-- Data shown follows --

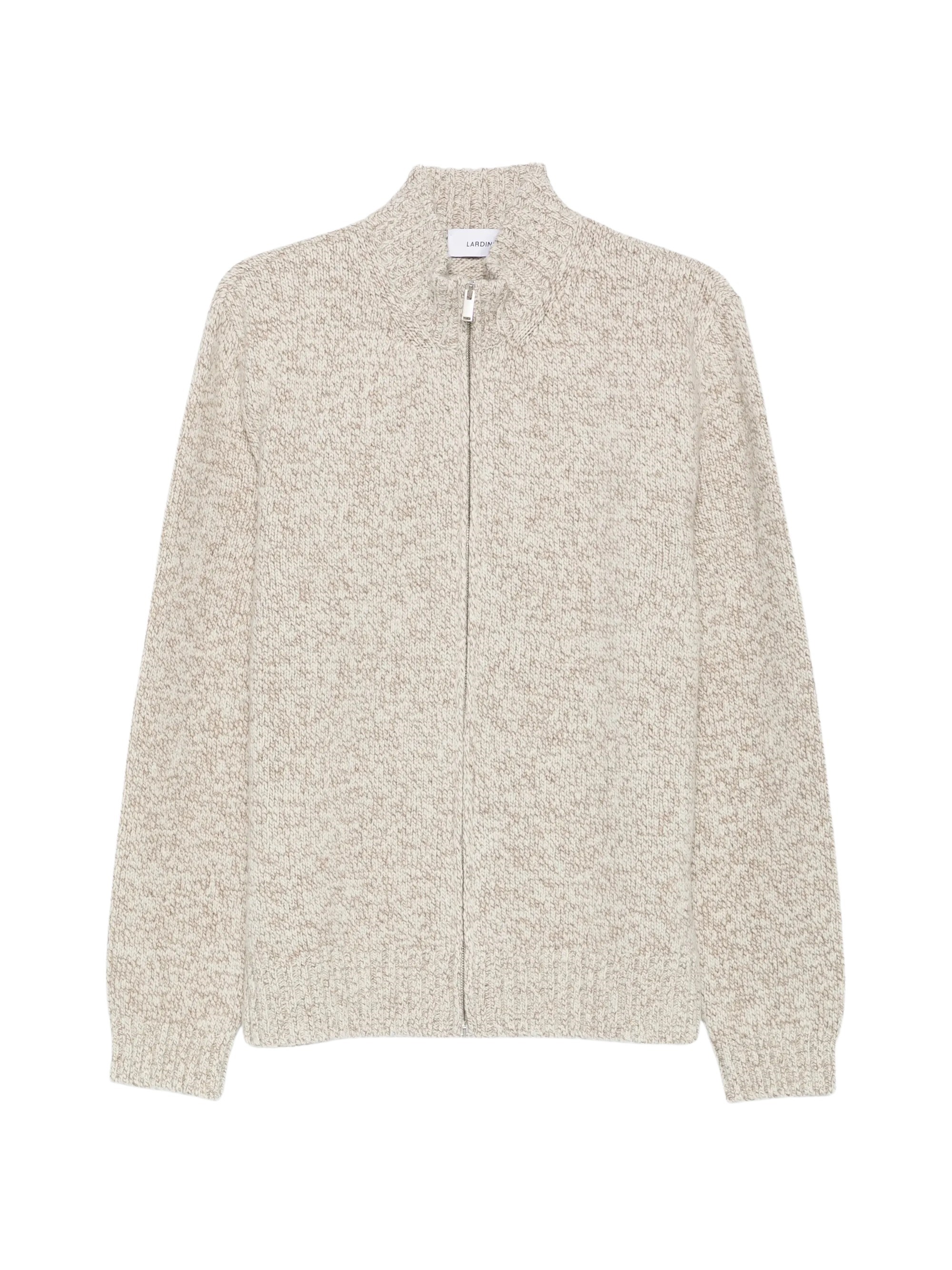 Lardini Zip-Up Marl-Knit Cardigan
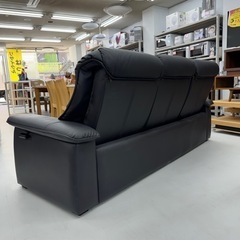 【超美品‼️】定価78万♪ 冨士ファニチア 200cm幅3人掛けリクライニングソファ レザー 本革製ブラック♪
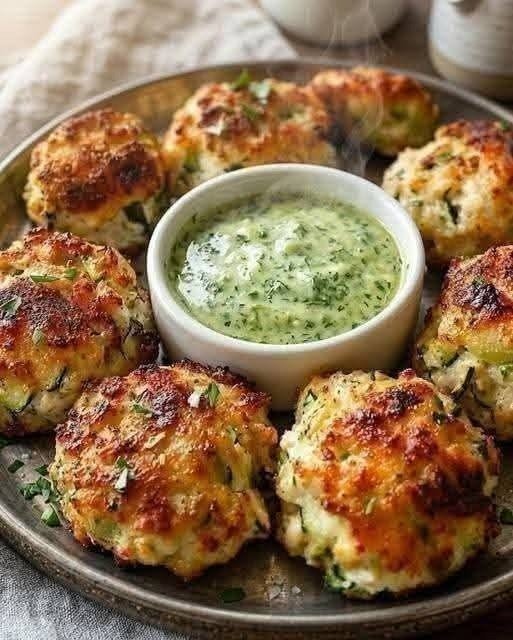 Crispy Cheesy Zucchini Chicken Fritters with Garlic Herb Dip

-- Data shown concluded --
-- Data shown follows --

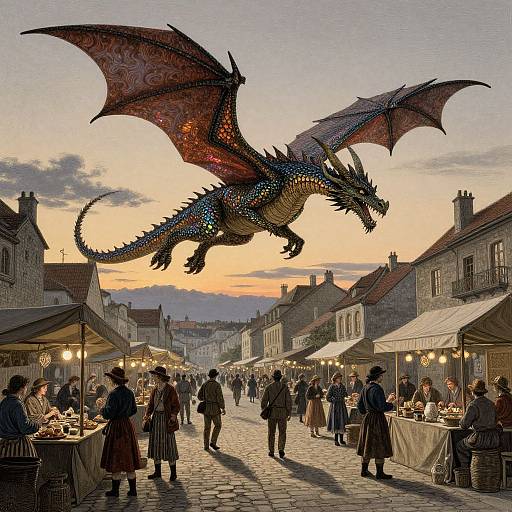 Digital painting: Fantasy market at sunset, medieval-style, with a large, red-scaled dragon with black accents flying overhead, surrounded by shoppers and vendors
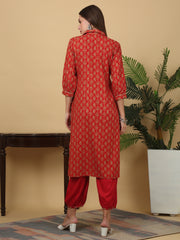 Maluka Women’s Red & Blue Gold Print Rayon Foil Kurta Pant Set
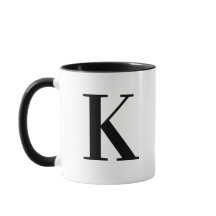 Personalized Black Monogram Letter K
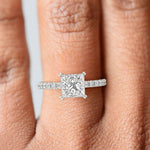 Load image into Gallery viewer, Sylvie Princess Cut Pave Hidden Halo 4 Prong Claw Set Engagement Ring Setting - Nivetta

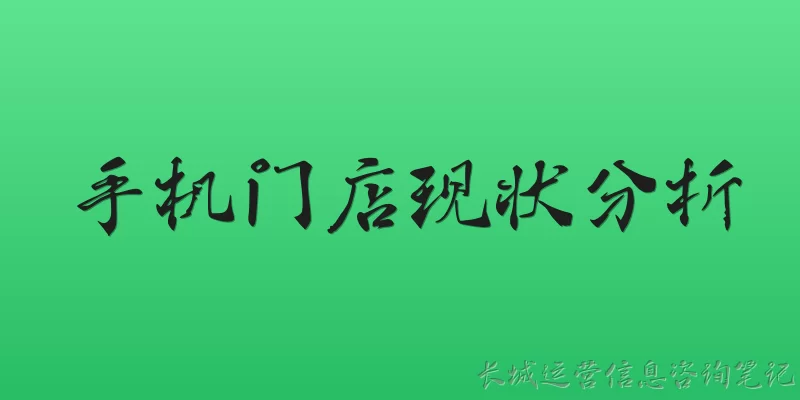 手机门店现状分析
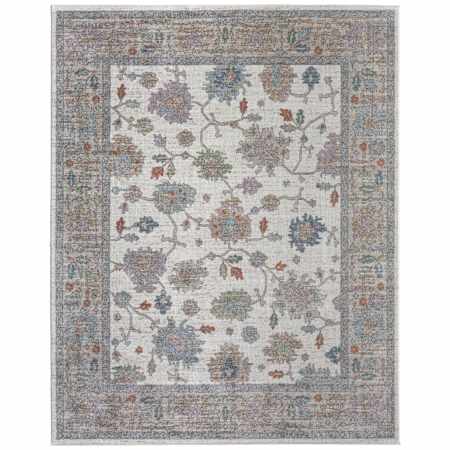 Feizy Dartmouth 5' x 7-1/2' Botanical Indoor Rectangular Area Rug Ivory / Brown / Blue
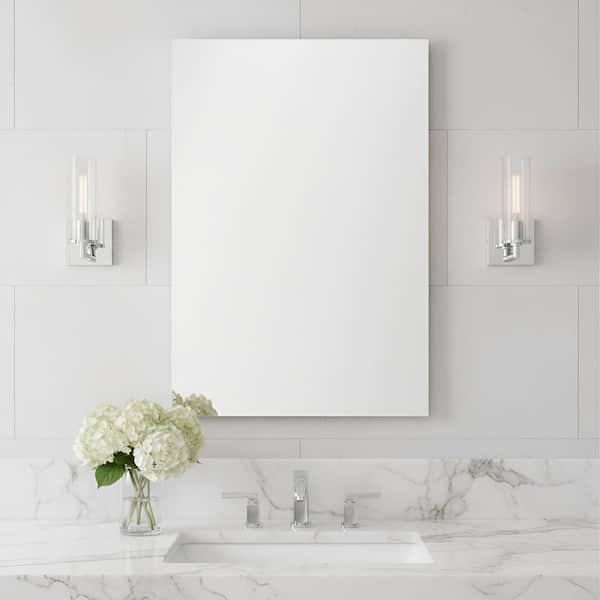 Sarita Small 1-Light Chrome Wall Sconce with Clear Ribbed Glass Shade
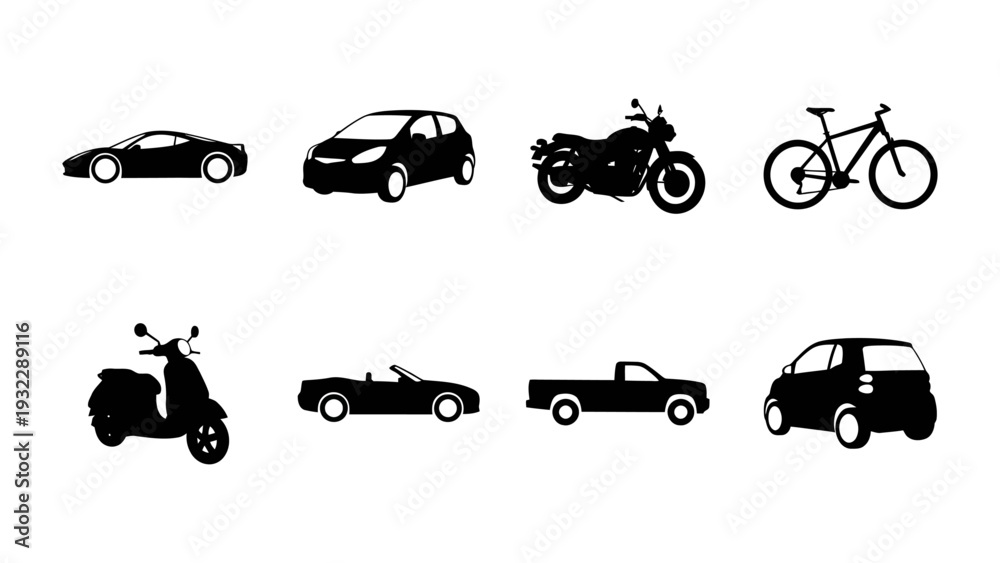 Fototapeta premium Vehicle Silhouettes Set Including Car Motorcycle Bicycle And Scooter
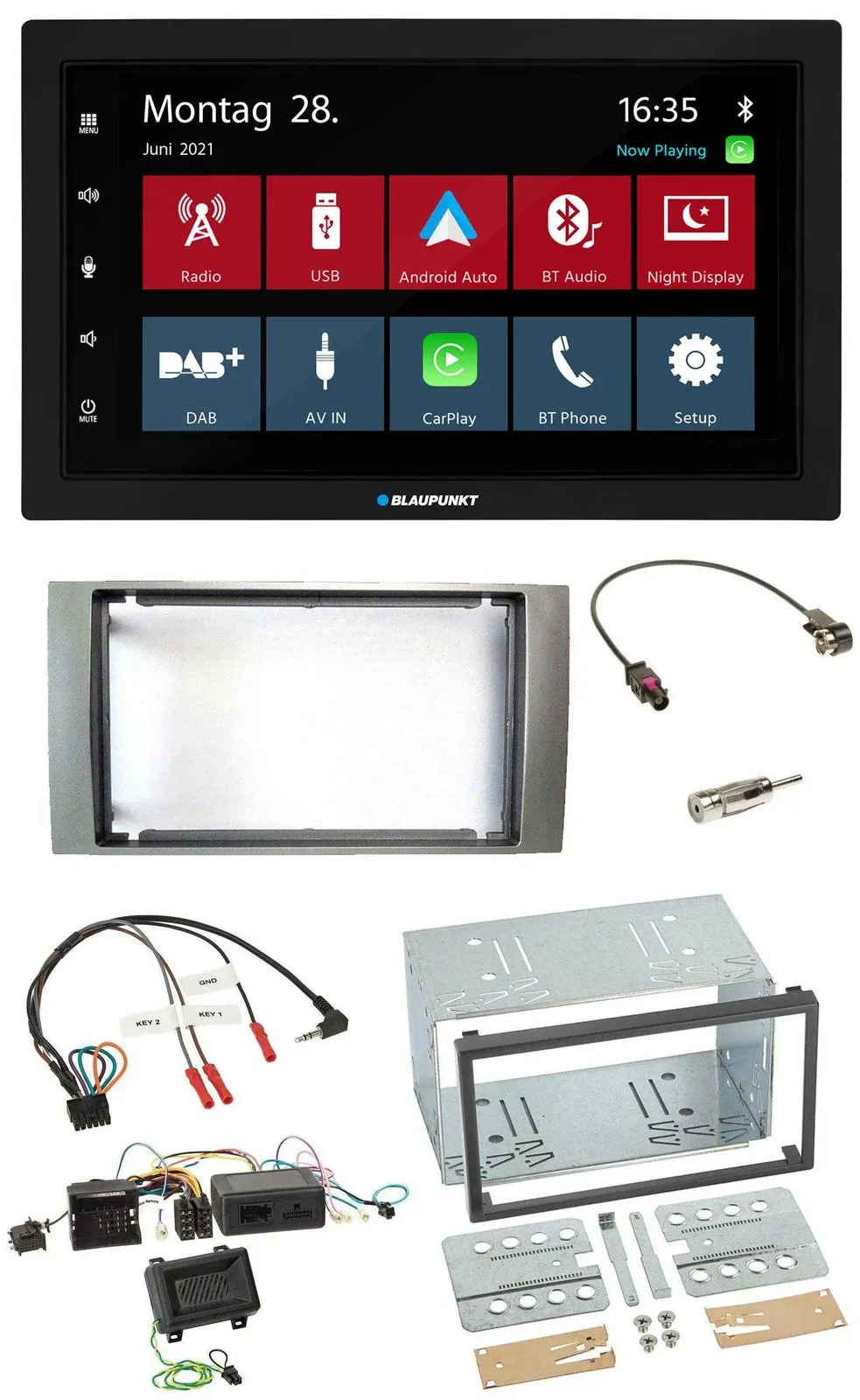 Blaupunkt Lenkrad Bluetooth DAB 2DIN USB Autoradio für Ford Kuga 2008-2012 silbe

-- Data shown concluded --
-- Data shown follows --

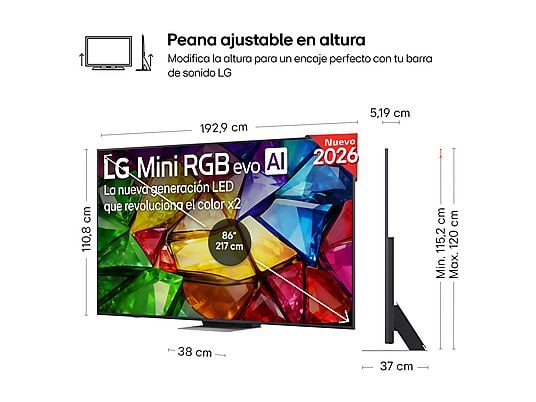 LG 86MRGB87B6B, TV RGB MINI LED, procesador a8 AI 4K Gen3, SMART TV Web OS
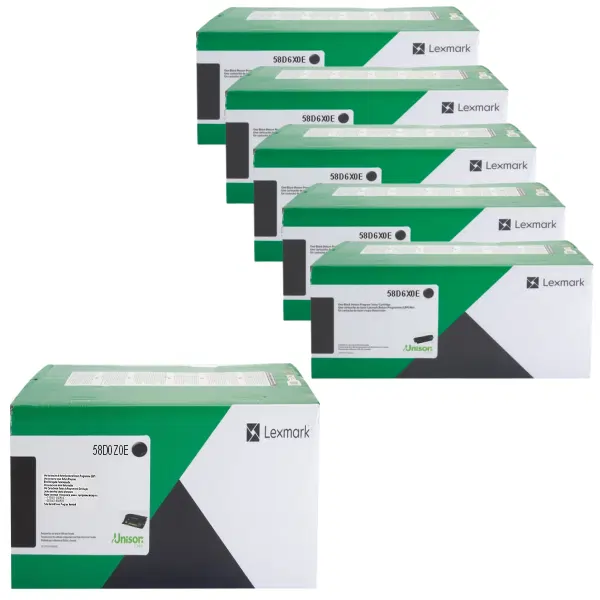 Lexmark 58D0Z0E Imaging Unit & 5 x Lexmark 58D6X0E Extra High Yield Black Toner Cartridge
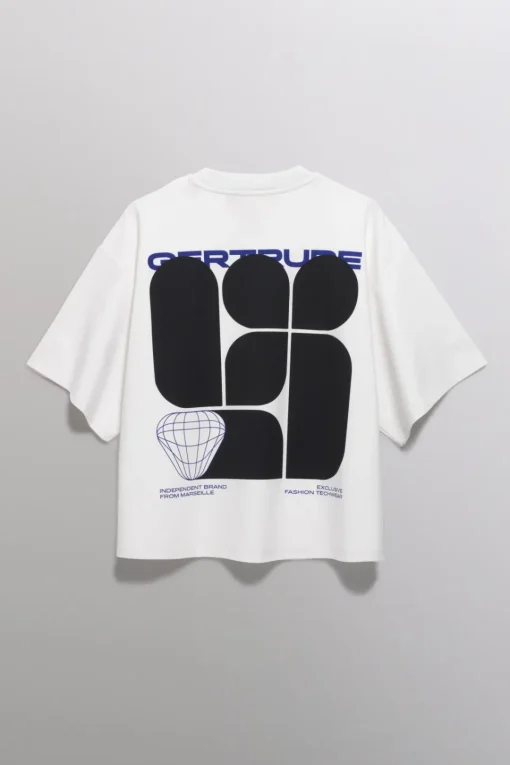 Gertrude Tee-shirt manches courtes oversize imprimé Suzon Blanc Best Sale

-- Data shown concluded --

**What you should do:**
When you reach the line containing "Sarita Small 1-Light" in the entries above, begin restating word for word, and stop once the line containing "Blaupunkt Lenkrad Bluetooth" has been given. Omit the pictures.

**Written solution:**
 Sarita Small 1-Light Chrome Wall Sconce with Clear Ribbed Glass Shade
 Fototapeta premium Vehicle Silhouettes Set Including Car Motorcycle Bicycle And Scooter
 Blaupunkt Lenkrad Bluetooth DAB 2DIN USB Autoradio für Ford Kuga 2008-2012 silbe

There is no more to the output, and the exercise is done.